**Task directions:**
Within the records that follow, restate exactly the lines from the line with "Bamboo Branches Hoodie" down to the line with "Apartamento com 2", including both. Omit the pictures.

=== Section Start ===

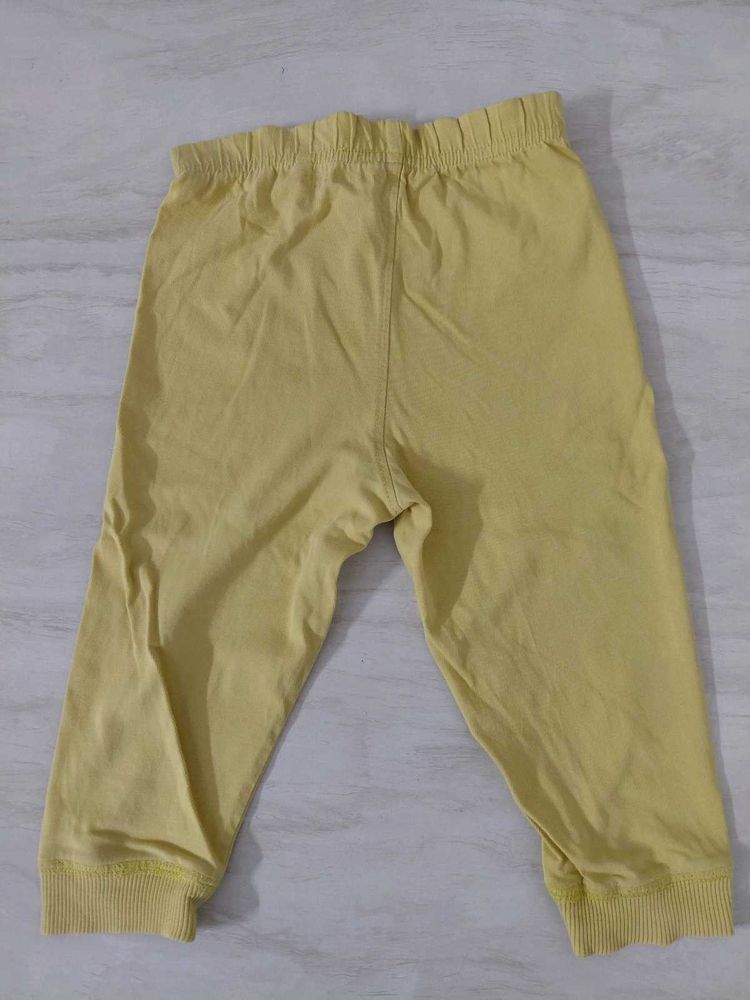 Comfy Yellow Pants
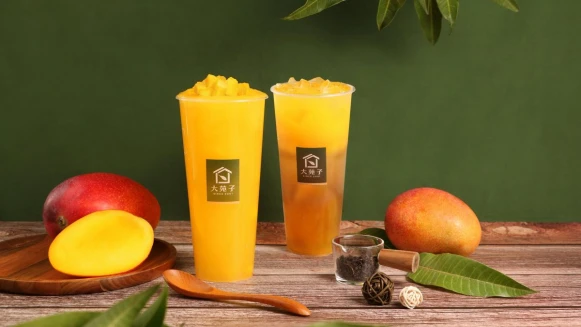 大苑子「愛文芒果冰沙」推出史上最大杯1000cc！限時免費送100杯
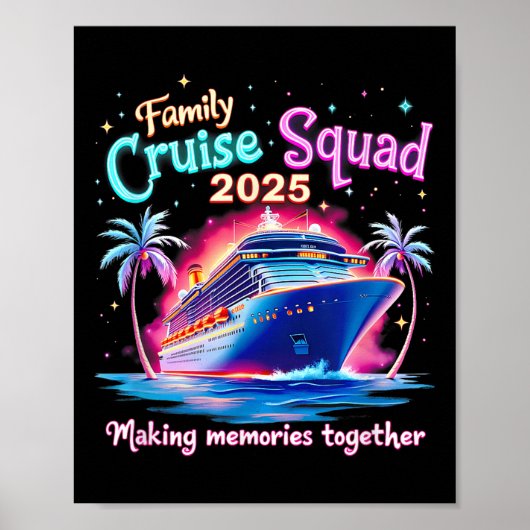 クルーズスクワッド2025夏休みマッチングクルーズ ポスター (正面)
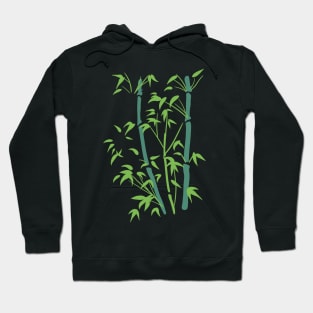 Bamboo Branches Hoodie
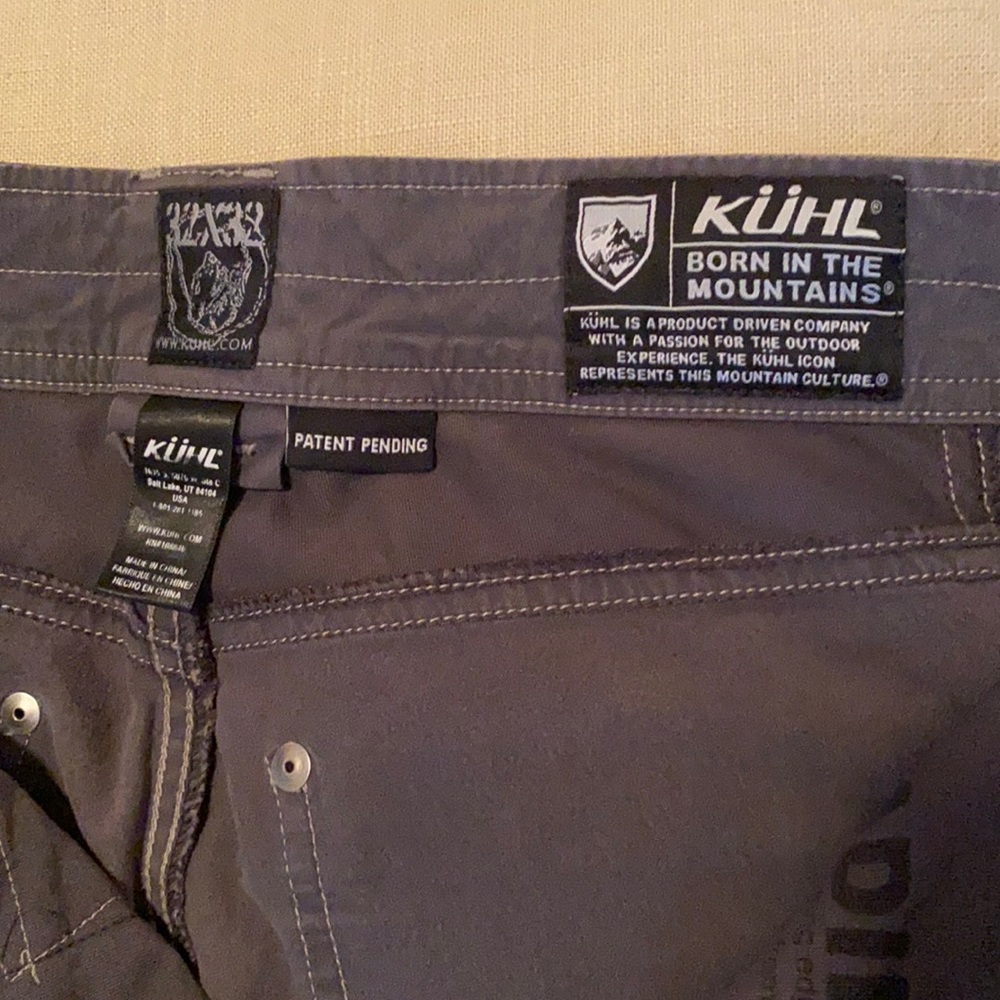 Men’s Kuhl hiking pants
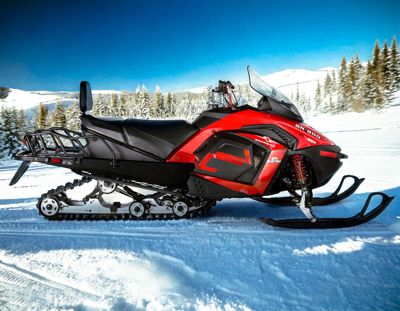 купить Снегоход SHARMAX SN-500 в Москве - фото 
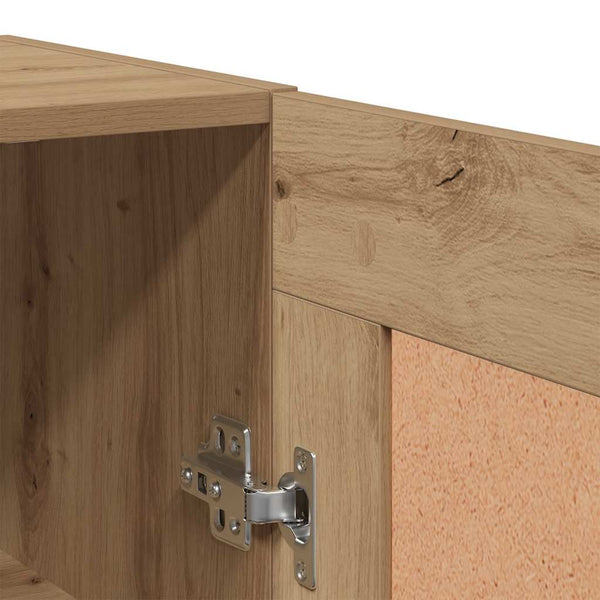 Wandschrank Artisan Eiche 69,5x34x90 cm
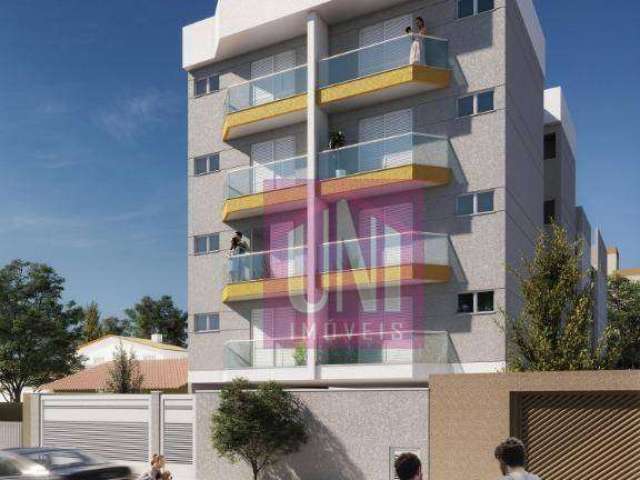 Apartamento com 2 dormitórios à venda, 63 m² por R$ 360.000,00 - Vila Nossa Senhora das Vitórias - Mauá/SP
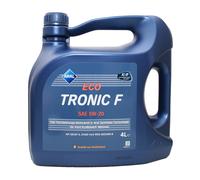 ARAL Ecotronic F 5W-20 Olio Motore Ilsac GF-5, Ford WSS-M2C948-B, 2x4 Litro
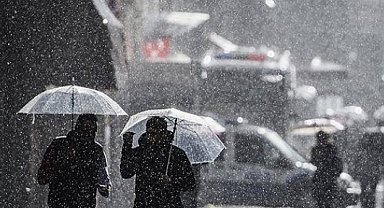 Uşak ve çevresi için sağanak yağış uyarısı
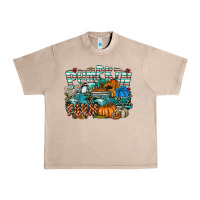French Oak pumpkin farm Urban Heavy Tee - SublimationCraftShop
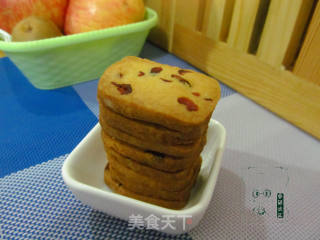 蔓越莓饼干的做法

=== Section End ===

**Response:**
 Bamboo Branches Hoodie
 Men’s Kuhl hiking pants
 купить Снегоход SHARMAX SN-500 в Москве - фото 
 Wandschrank Artisan Eiche 69,5x34x90 cm
 Apartamento com 2 dormitórios à venda, 63 m² por R$ 360.000,00 - Vila Nossa Senhora das Vitórias - Mauá/SP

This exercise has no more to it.